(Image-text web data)

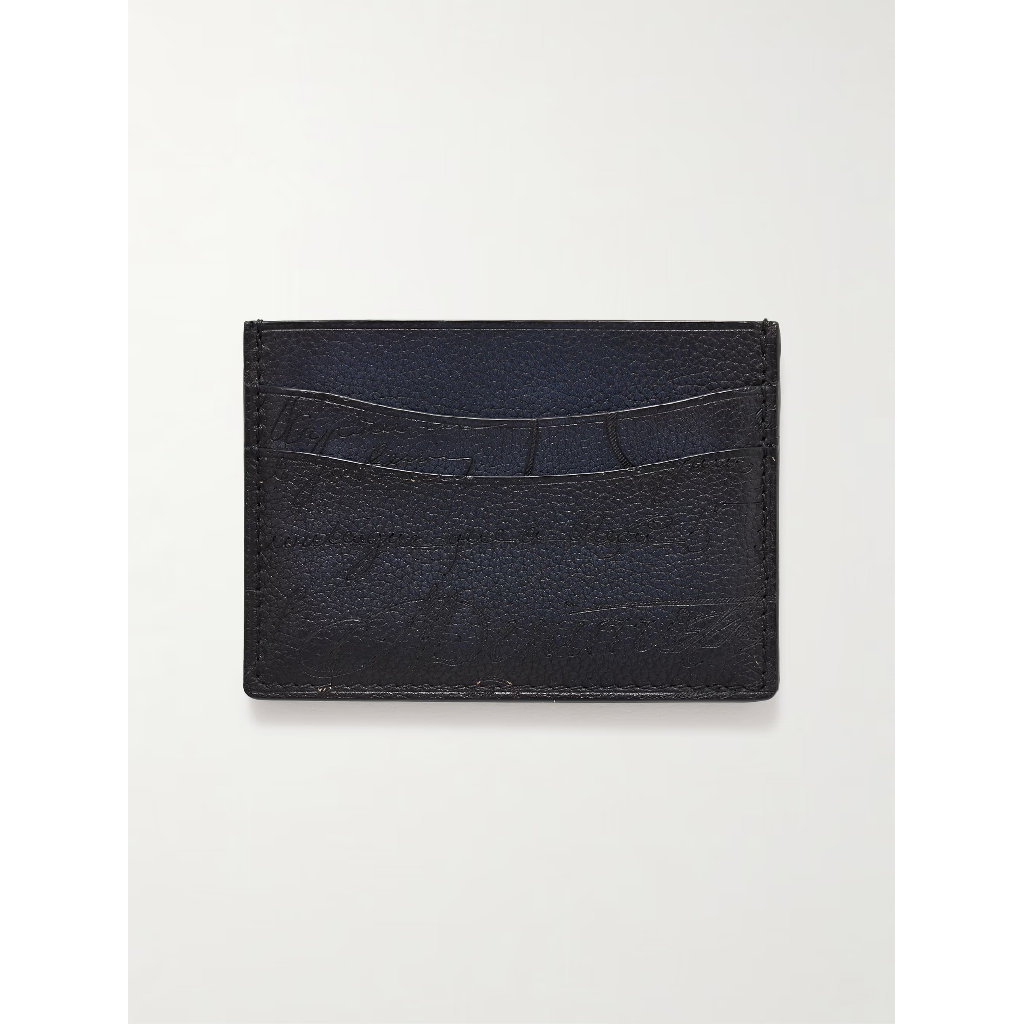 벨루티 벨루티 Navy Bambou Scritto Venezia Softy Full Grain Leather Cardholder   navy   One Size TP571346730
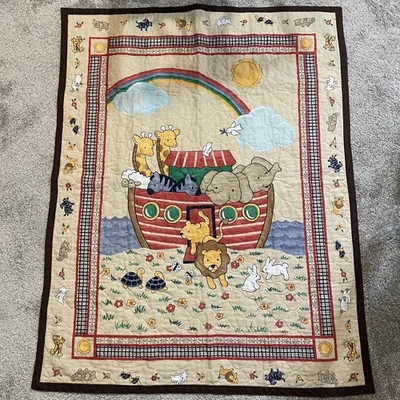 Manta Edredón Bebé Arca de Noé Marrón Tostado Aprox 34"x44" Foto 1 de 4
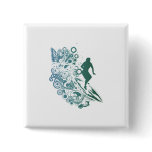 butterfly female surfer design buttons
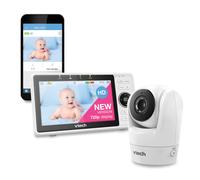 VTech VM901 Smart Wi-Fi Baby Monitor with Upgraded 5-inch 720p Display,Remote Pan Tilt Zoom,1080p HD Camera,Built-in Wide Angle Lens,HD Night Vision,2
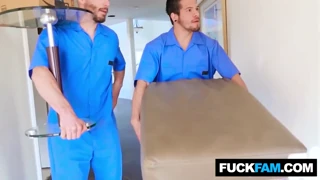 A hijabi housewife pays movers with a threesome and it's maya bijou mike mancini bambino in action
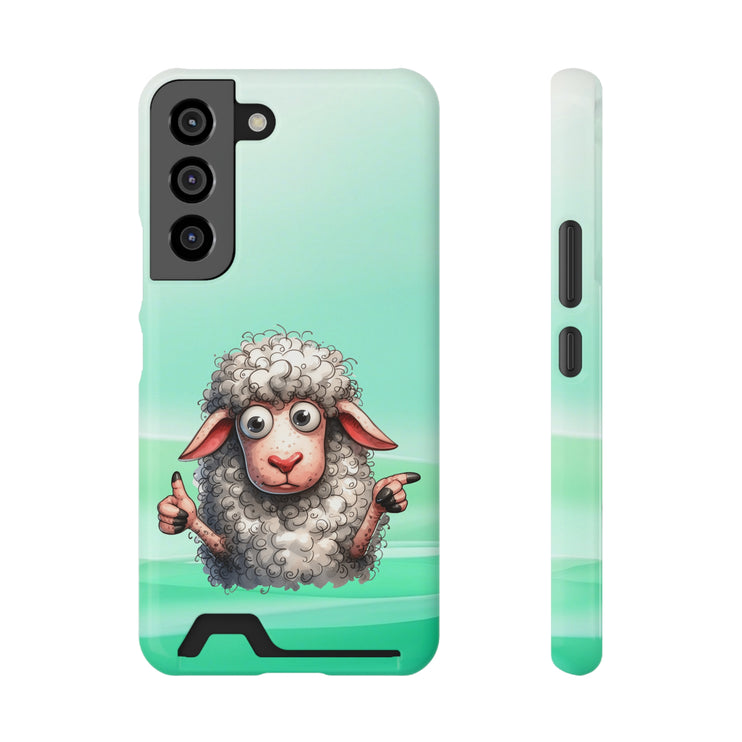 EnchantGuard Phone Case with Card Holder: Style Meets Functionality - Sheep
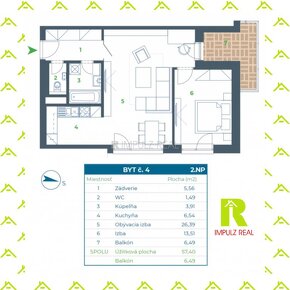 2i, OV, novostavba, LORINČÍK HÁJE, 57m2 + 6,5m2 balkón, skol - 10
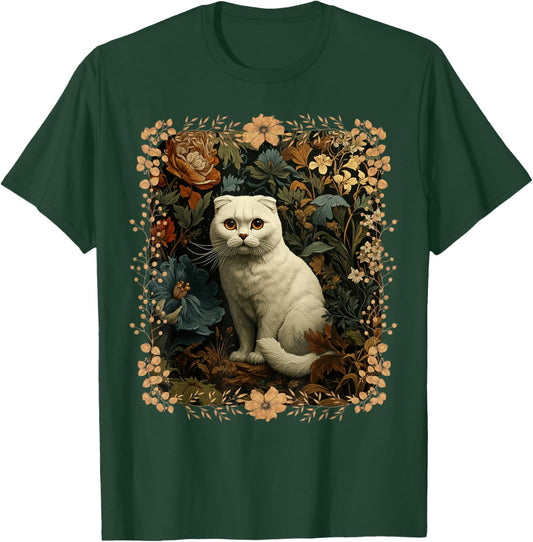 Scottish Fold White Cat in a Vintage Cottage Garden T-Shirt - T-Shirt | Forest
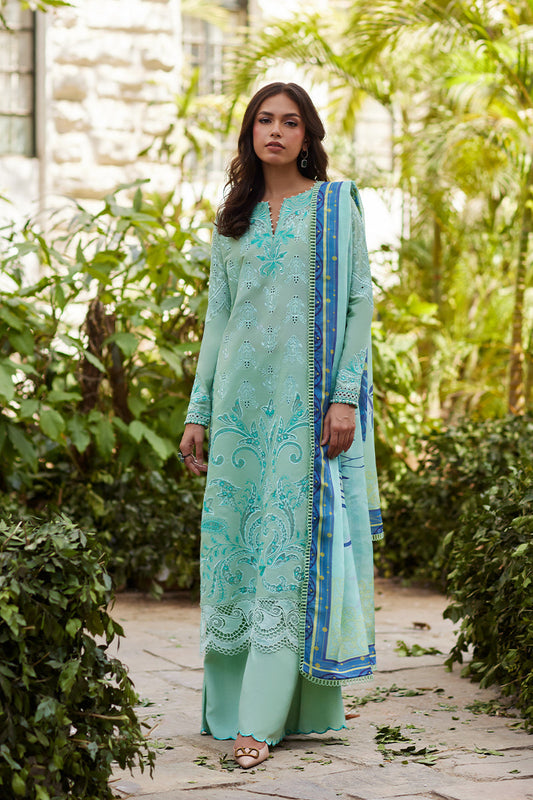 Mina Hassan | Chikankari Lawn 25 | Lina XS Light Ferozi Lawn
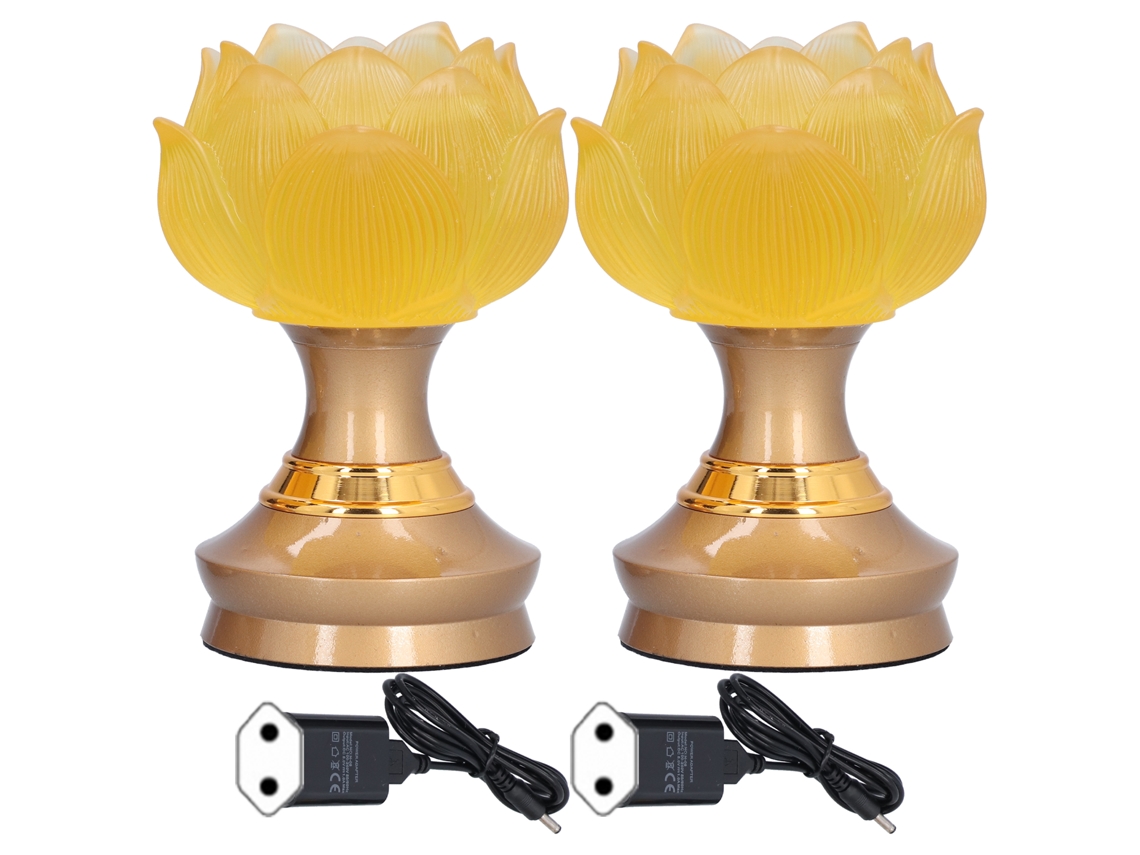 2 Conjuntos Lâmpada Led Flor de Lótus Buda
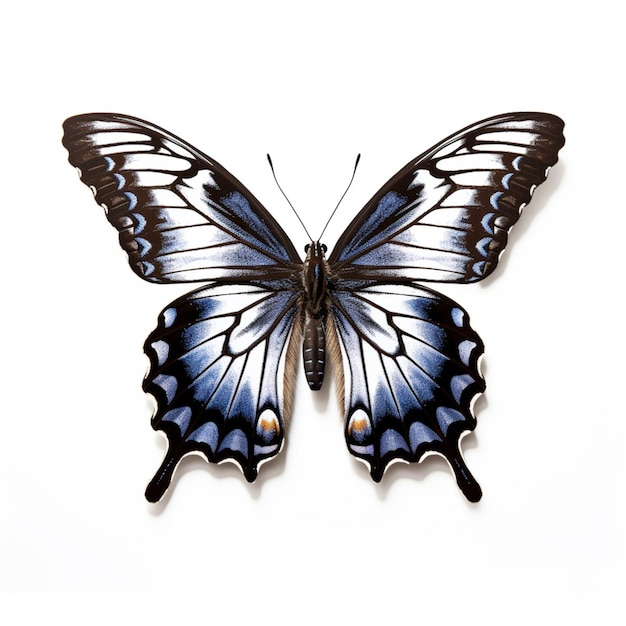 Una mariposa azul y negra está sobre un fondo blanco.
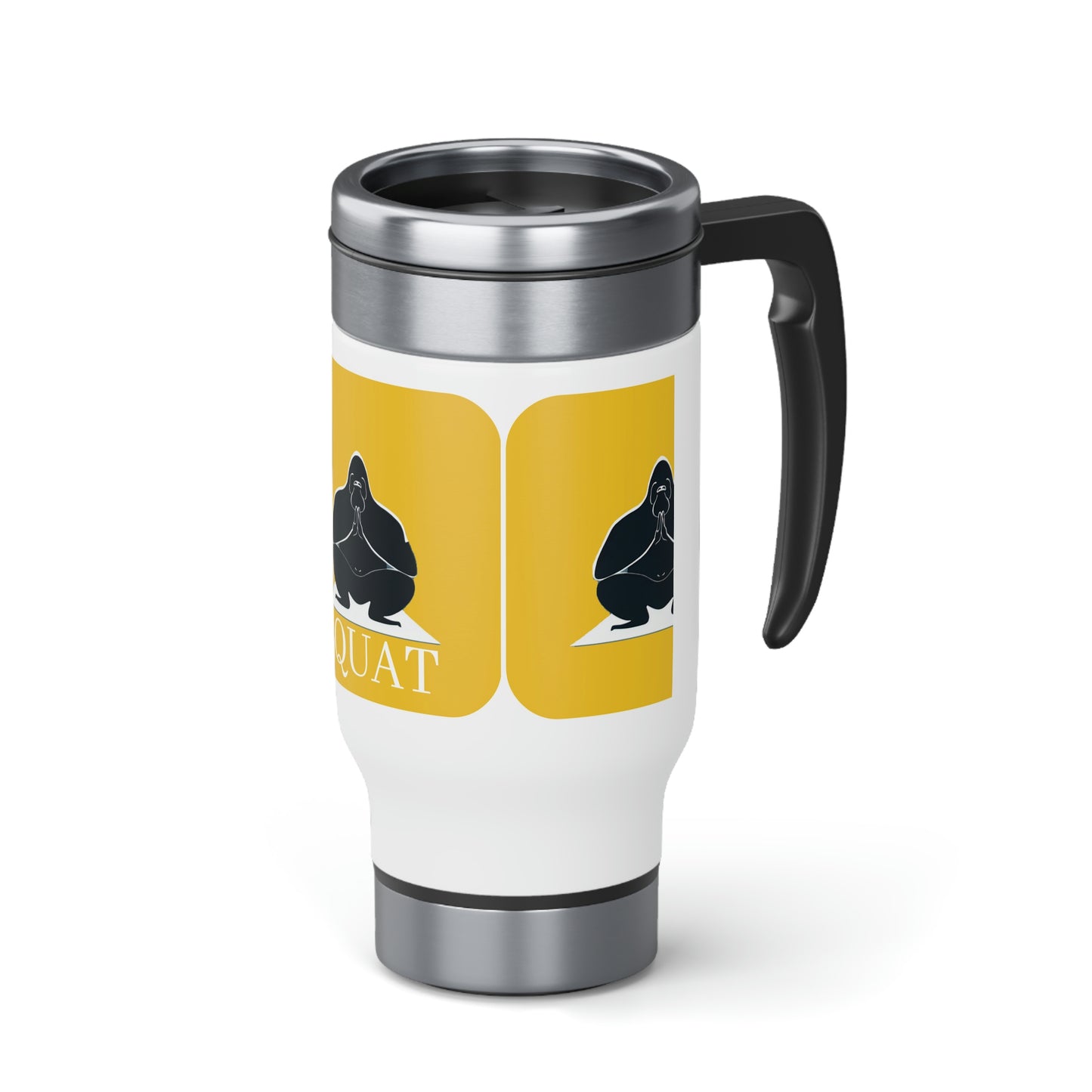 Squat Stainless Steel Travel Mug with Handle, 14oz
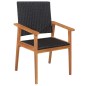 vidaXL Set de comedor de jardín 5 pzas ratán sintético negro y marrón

■ TASK OBJECTIVE ■
In the records above, find the line with "butterfly female surfer design buttons" and the line with "Scottish Fold White". Write out exactly those lines and every one between, with no pictures and no other lines.

■ RESPONSE ■
 butterfly female surfer design buttons
 VTech VM901 Smart Wi-Fi Baby Monitor with Upgraded 5-inch 720p Display,Remote Pan Tilt Zoom,1080p HD Camera,Built-in Wide Angle Lens,HD Night Vision,2
 A hijabi housewife pays movers with a threesome and it's maya bijou mike mancini bambino in action
 EnchantGuard Phone Case with Card Holder: Style Meets Functionality - Sheep
 2i, OV, novostavba, LORINČÍK HÁJE, 57m2 + 6,5m2 balkón, skol - 10
 Scottish Fold White Cat in a Vintage Cottage Garden T-Shirt - T-Shirt | Forest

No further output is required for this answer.